This post, “Current recovery great for profits, poor by most other measures,” by Josh Bivens at the Economic Policy Institute, speaks for itself:
Recent data regarding fourth quarter (2006) growth in U.S. gross domestic product (GDP) allows us to examine how the current recovery, now entering its fifth year, stacks up against the five other recoveries since World War II that lasted as long. This assessment can shed light on the effectiveness of macroeconomic policies enacted in the name of improving economic growth.
This much is clear: the current recovery substantially lags the historical average in GDP growth, employment growth, investment in equipment and software, and, with the deflating housing market, even in residential investment.
Conversely, corporate profit growth in the current recovery (despite a 3% dip in the last quarter of 2006) has been more than twice as rapid as in the past.
In short, the current recovery looks weak on all measures except profit growth.
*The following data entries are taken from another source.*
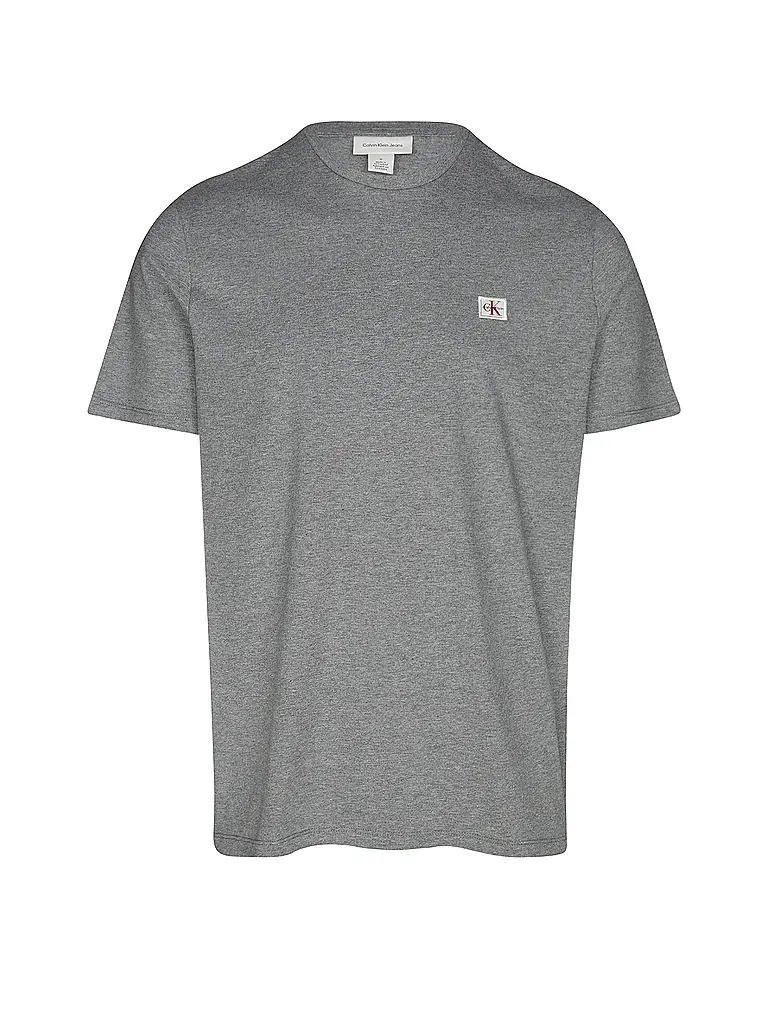 CALVIN KLEIN JEANS | T-shirt | grau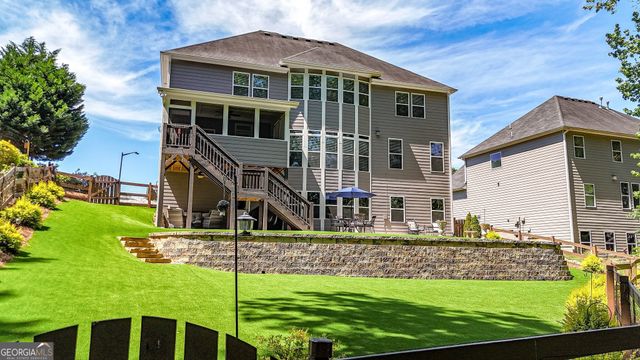 22 Turtle Rock Place, Acworth, GA 30101
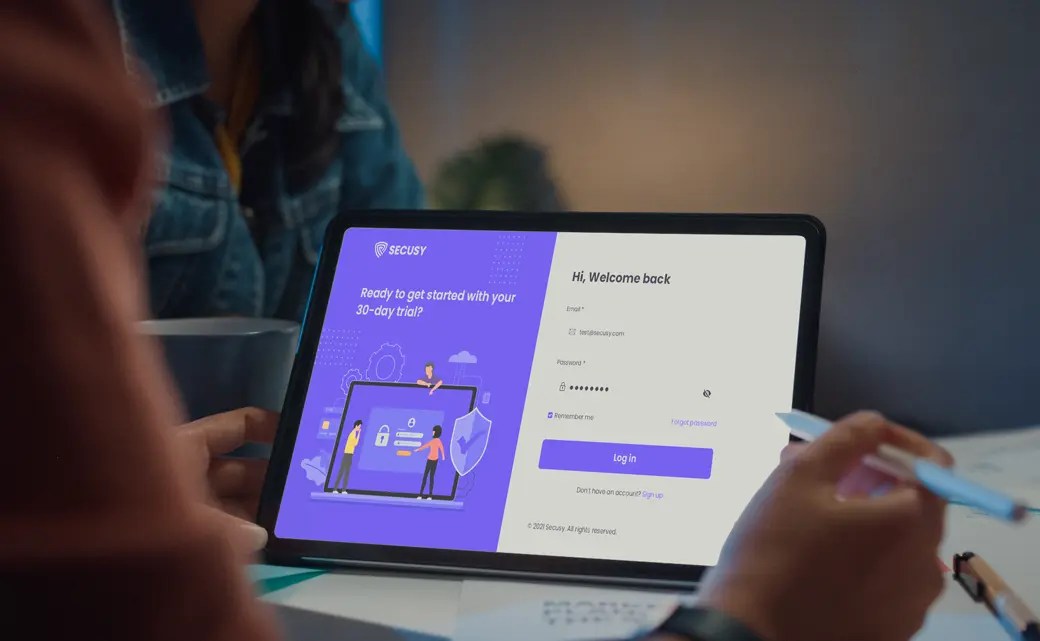 Why Secusy is Different image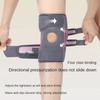 Decompressive Knee Brace Non-slip Knee Pad Elastic Patella Protector  Running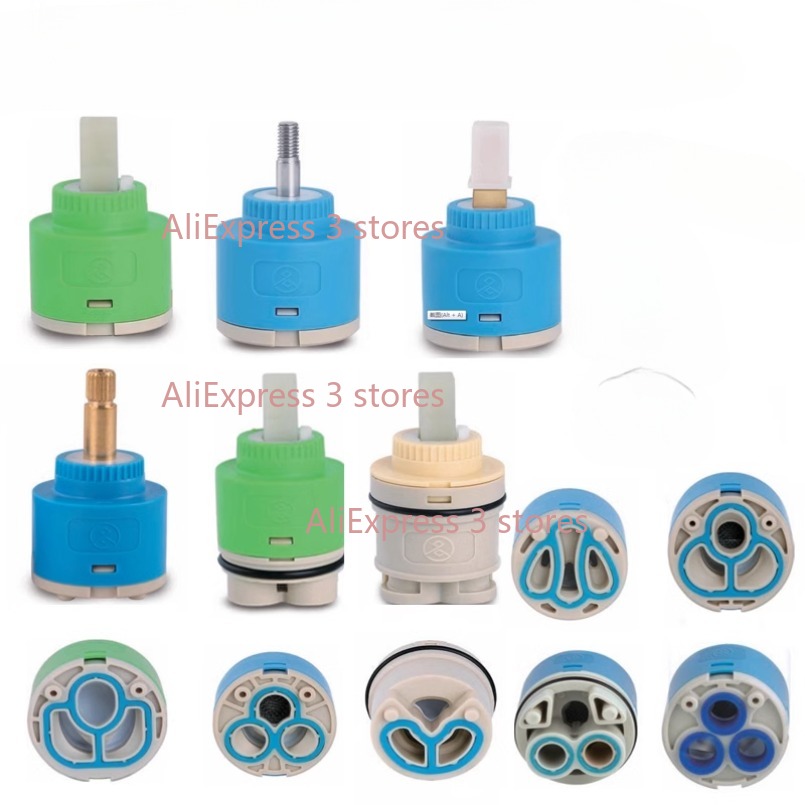 1PCS 35/40mm Replacement Ceram - Basin Mixer Cartridge recensione e prezzo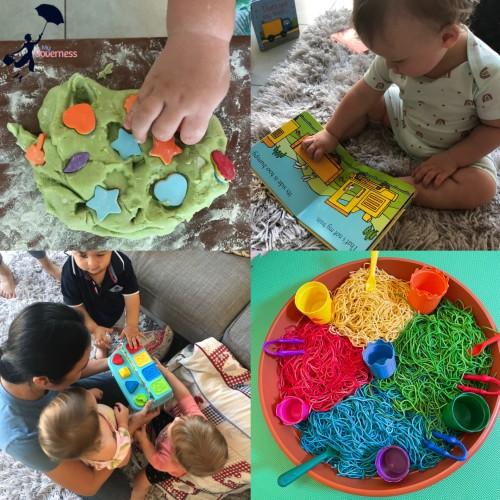 Toddler Sensory Classes Messy Play for Toddlers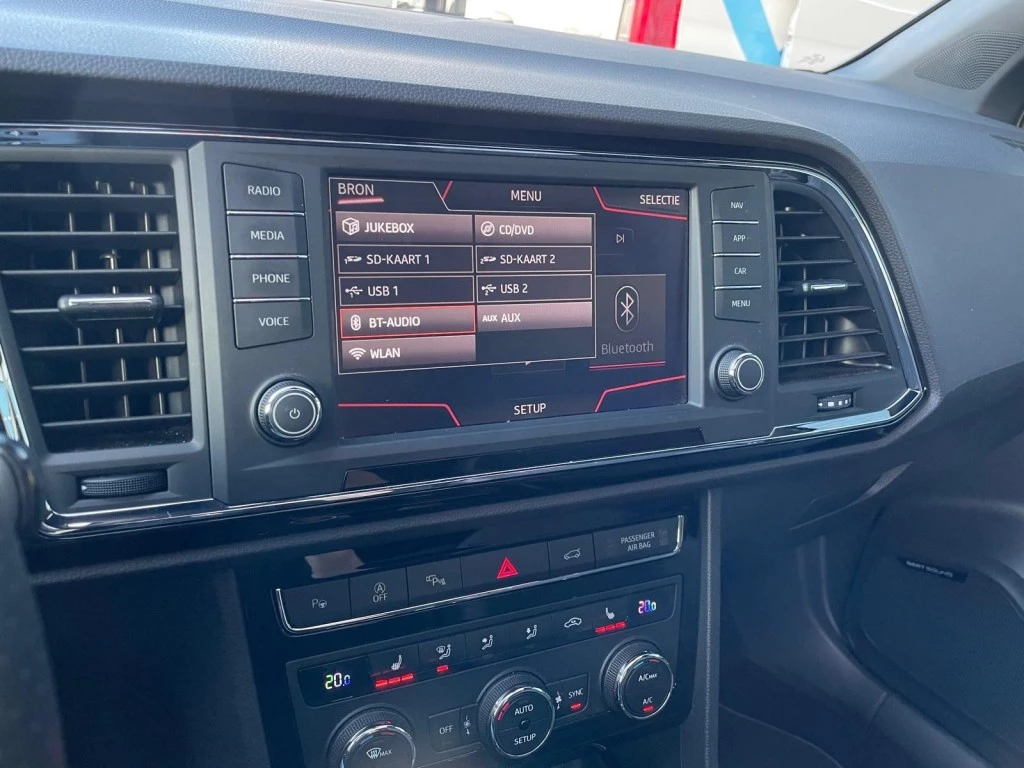 Hoofdafbeelding SEAT Ateca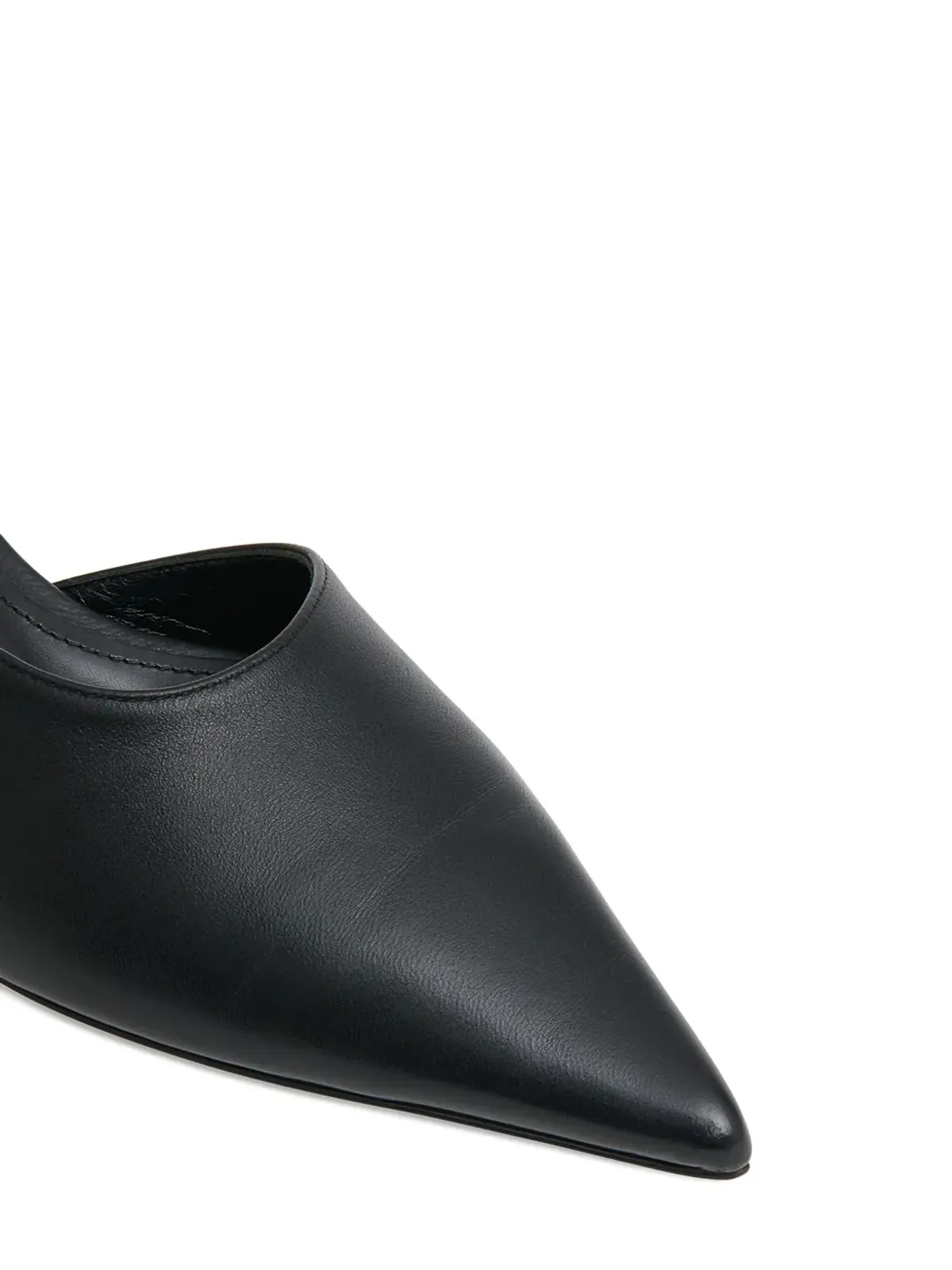 Mansur Gavriel アンナ スリングバック ポインテッドトゥ パンプス - 画像3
As a policy lesson, the large tax cuts of 2001 and 2003, which have had ample time to affect the economy by now, have failed to deliver economic performance that even matches up to the past average.
Source: Author’s calculations from data taken from the Bureau of Economic Analysis (BEA), National Income and Product Accounts (NIPA), and the Bureau of Labor Statistics (BLS).
I submit that there is a causal relationship between the high profit growth and the lagging performance in other areas. Companies have been obsessed with profits, and have resorted to extremes in cost-cutting to achieve them. That in turn means they have been reluctant to invest in the things that produce growth: staff, equipment, marketing, R&D, which results in lower GDP growth. Workers, who see that employment is more tenuous and new jobs harder to come by than in the past, are more cautious about residential investment.